I have two children. They live here, in my house. They have had an outdoorsy summer. Now, they go to school. All year, they go to birthday parties. This means, they go out, and come back with more stuff every single day.
In summer it’s trash found outside. It might be called nature, but still, it’s stuff with no daily purpose in the house. From school, it’s papers, so many papers. It’s things found on the bus and in the school yard, including snails, rubber bands, and actual trash. And birthday invitations.
Following the weekend parties (why are there so many weekend parties?), it’s more stuff, nebulous, drawer-and-cupboard-filling stuff. Maybe candy. Maybe toys. Maybe something in-between, like candy-flavored Chapstick that the 3-year-old mistakes for actual candy.
I swear we don’t buy this stuff. We don’t shop, unless it’s in advance of a kid party. We don’t go to the bookstore. In the kid-buying category, it’s food and “things for school,” like snow boots and hair bands.
Then last week, I cleaned out the garage. And I was mystified: How did I end up with 7 deflated soccer balls, various other sport-less balls, 5 scooters, and two ride-on toys no one has taken, yet, from the curb? Two years worth of pieces of sidewalk chalk, assorted sand toys. Tennis balls stolen from the neighbor’s Labrador.

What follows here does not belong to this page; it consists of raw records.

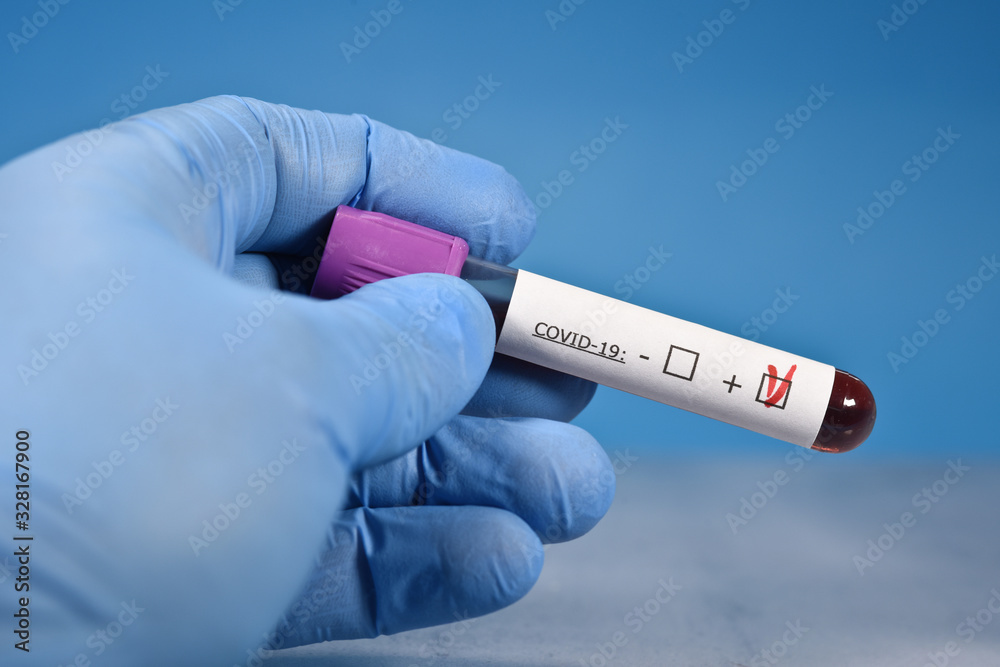 Obraz premium sciences santé virus grippe coronavirus covid-19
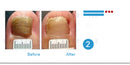 Lian Biquan Nail Repair Nail Polish Repair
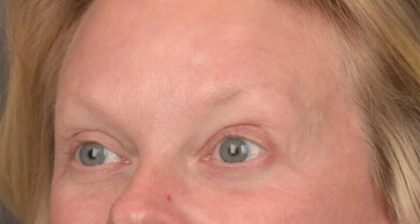Blepharoplasty Before & After Patient #3129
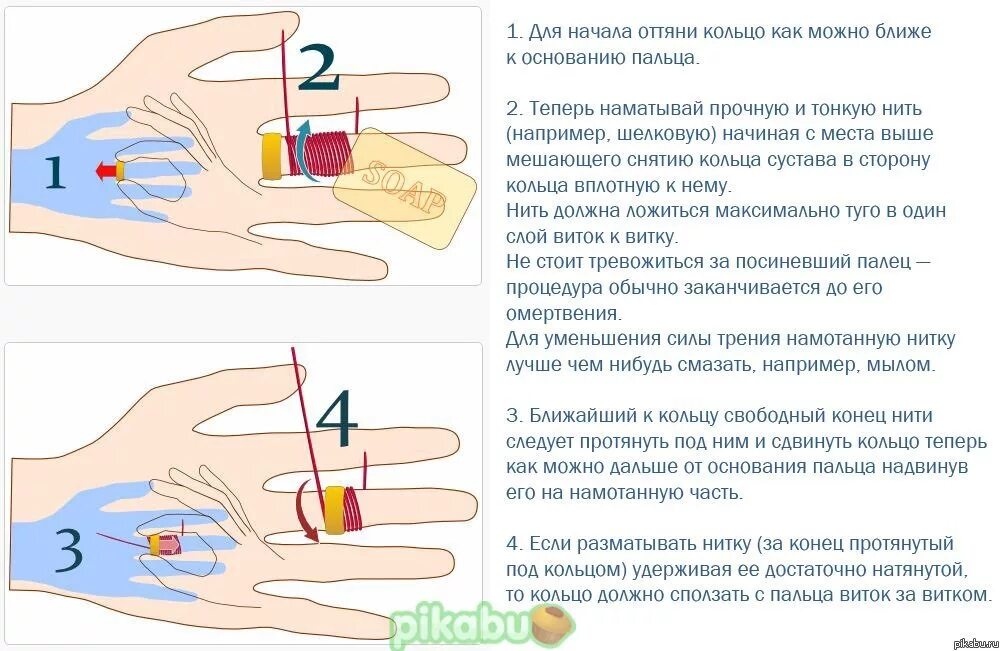 Как снять отечность рук в домашних условиях Отек палец как снять кольцо Shtampik.com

I can only blame the fact that children live all around us. To me, the kid stuff forms a vast network, like maybe it’s one way the kids signal to each other that they are, in spite of us larger folk, ever-powerful. They have stuff, and that stuff? It moves around. They don’t mind sharing – sure, you take it.
My kids can’t seem to play at anyone’s house without wearing another child’s clothing home. Right now, I can think of several headbands, none of them ours, that live at our house. We also have one stuffed dog, also not ours, that lives here, and one pink tutu that I recently looked at and thought, “That’s not ours.” But whose tutu lives here, I’m no longer certain.
Children are magnificent packrats. Stuff magically sticks to them and their roaming, treasure-seeking fingers. Sometimes I ask myself, is it me, am I the hoarder? But I only walk in the door with food, and them, the children. They are the stuff I take and bring home on the regular. The other stuff gets tossed.
Do they see me rip up the mail? Don’t we talk about how we compost food and re-use paper ? Maybe, to them, recycling is simply evidence of the power of stuff. My hunch is that they are not aware of the stuff’s creep. It’s clear they’re biologically inclined to take in every experience they can, and somehow, in our daily lives, that includes stuff. Stuff of ephemeral value, but real mass. The children place equal value on every little thing that comes in the door.
As a result, I’ve grown quite skilled at tossing stuff. It may take expertise, and a little deception, but here is how I outmaneuver the packrats:
Things I expertly throw away: papers from school.
That Friday craft, I may admire it, but I will throw it away. All the lovely letters from teachers, the lists of rules and regulations, I read, and throw away. The forms, I fill them out, quickly, so they can go back. The snack schedule, can it be thrown away? Sure. Cafeteria lunch plan gets stuck on the fridge, for now. If I know I can find it quickly online, it gets tossed.
Things I covertly throw away: all of their greatest and best drawings.
I may snap a photo of the lovable art, but since the drawing production exceeds space on the table, each day, I toss them.
Same for the small objects that accumulate in art cupboards. This includes buttons, pieces of old art sets, broken crayons, and countless tiny things special to children. Stuffed animals. They come from everywhere, and when I get a chance, I round up a bag, store, see if anyone asks about them, and then recycle.
Repeat for other toys, with consideration for the fact that my children will play with any toy, any time, if they haven’t seen it for a while. It just needs to look like “not their old toy.”
Things I immediately throw away: stuff in the bottom of their backpacks, unidentifiable.
Stuff in their pockets, e.g., not our barrette. Stuff that is living, sticky, or wet goes right back outside. I used to feel somewhat apologetic, as if I’ve accidentally thrown a friend’s toy away. But after years of stuff, with years ahead of me, I have no shame.
I throw it away, as if it’s a skill, or an art, I must only hone.